◆ Given material:
# # #
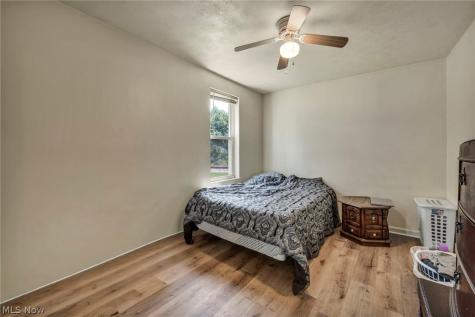 1206 Lawrence Road NE Canton OH 44705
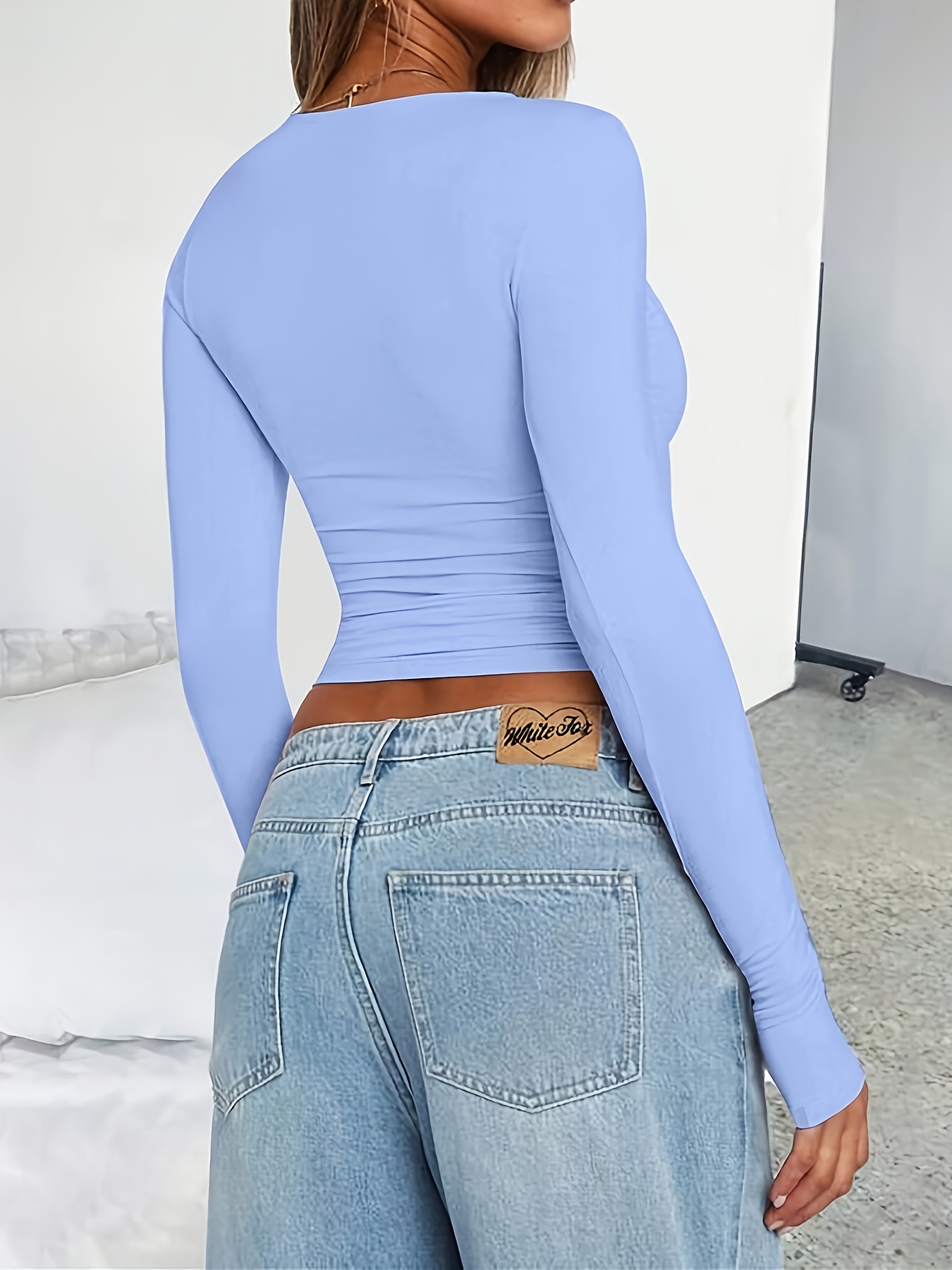 Women's Y2K Solid Color Cropped Slim Fit Long Sleeve T-Shirt - Round Neck Casual Top for Spring/Autumn, Machine Washable Everyday & Back-to- Outfits, Ladies T Shirts, Spring Fashion, Minimalist Style, Smooth Fabric, Stylish Blouse, Women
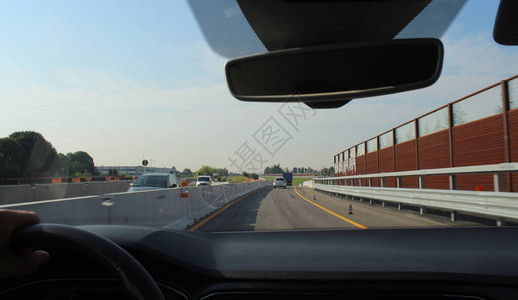 夏季与公路建设一起在高速公路上驾驶你的汽车图片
# # #
◆ Task description: Retype the listing verbatim, minus every image.

◆ Completed task:
 1206 Lawrence Road NE Canton OH 44705
 Women's Y2K Solid Color Cropped Slim Fit Long Sleeve T-Shirt - Round Neck Casual Top for Spring/Autumn, Machine Washable Everyday & Back-to- Outfits, Ladies T Shirts, Spring Fashion, Minimalist Style, Smooth Fabric, Stylish Blouse, Women
 夏季与公路建设一起在高速公路上驾驶你的汽车图片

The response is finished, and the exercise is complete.